Many spouses come into our office with these questions. We even had an elderly woman who was leaving our office to interview for retail clerking jobs in order to support herself after her husband moved to a nursing home.
No, you will not lose all of your assets.
Nursing homes are costly. For example, my mother is paying $8,000 per month. Paying at this rate rapidly depletes the life savings of an elderly couple, leaving the spouse at home with nothing to live on.
Spousal Impoverishment Protection Law: In 1988, Congress enacted provisions to prevent “spousal impoverishment;” that is, leaving the spouse at home with little or no income or resources. These provisions help ensure that this situation will not occur and that community spouses are able to live out their lives with independence and dignity.
Definition of Assets
Exempt Assets: There are certain assets that are exempt and may be kept by the spouse at home. Those assets are: the home, one car and prepaid funerals.
Countable Assets: All other assets are countable, whether owned by the husband or wife or held jointly. This includes checking accounts, savings accounts, stocks, bonds, CDs, mutual funds, revocable trusts, cash value of life insurance policies, IRAs and real estate other than the home.
Under the Spousal Impoverishment Protection Law, the spouse at home gets to keep half of all countable assets, up to a maximum of $119,220 in 2016, but not less than $24,000.

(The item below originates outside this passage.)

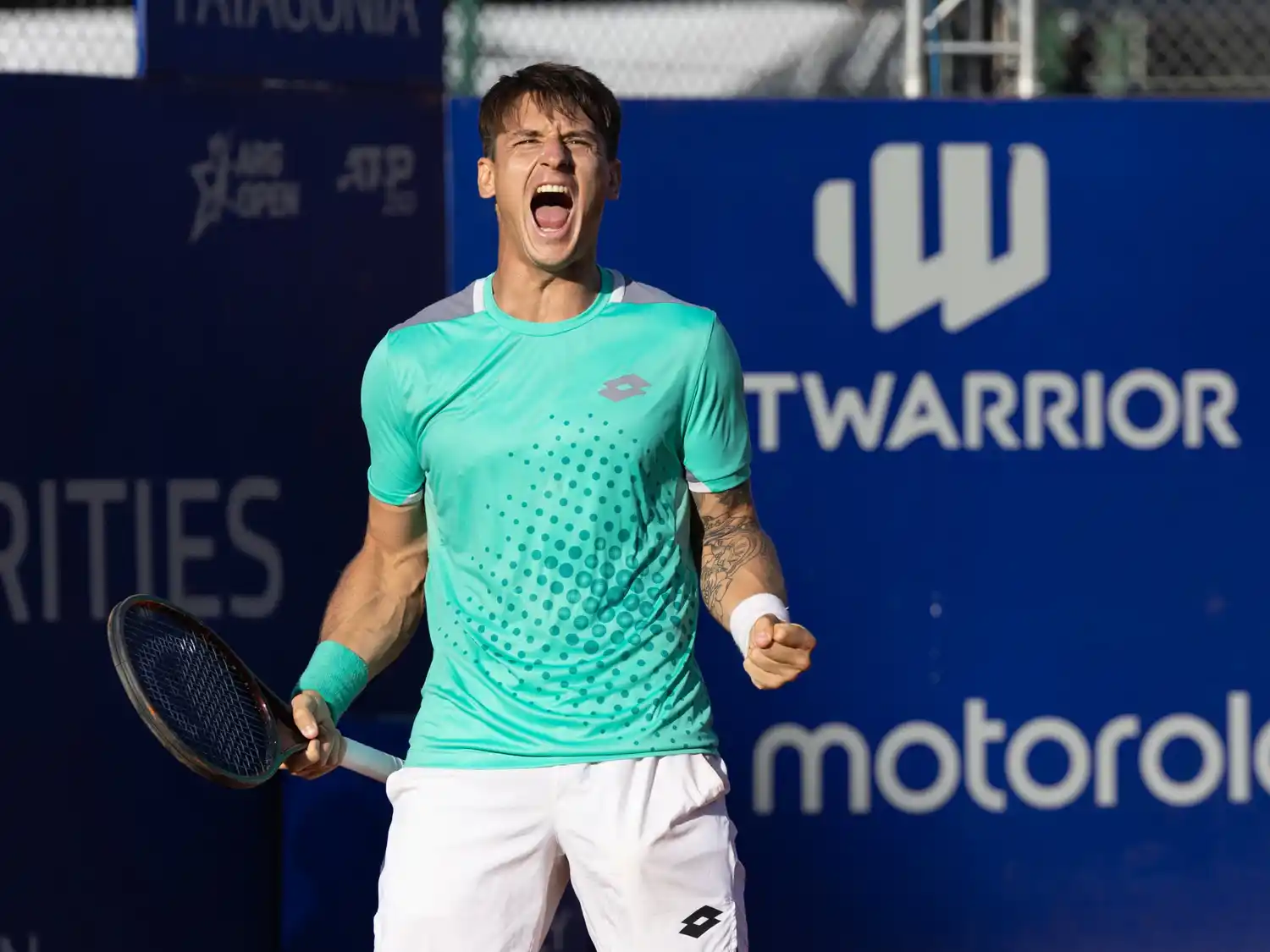 Ugo Carabelli espera rival, que saldrá del duelo entre el portugués Borges y el austríaco Misolic.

In addition to assets, the spouse at home gets to keep his/her own income. If the spouse at home has less income than $2,980.50 per month, he/she will also keep part of the nursing home spouse’s income up to a maximum of $2,980.50 per month.
Example: Ellen can no longer care for her husband and he has been admitted to a nursing home. They have $200,000 in countable assets. Ellen will be able to keep $100,000 of the assets, in addition to their home, one car and prepaid funerals for Ellen and her husband.
Ellen and her husband are both on social security with no other source of income other than from their investments. Ellen receives $1,500 from social security and her husband receives $1,600 from social security. Ellen will be able to keep her own income and $1,480.50 of her husband’s income, so that her total monthly income will be $2,890.50.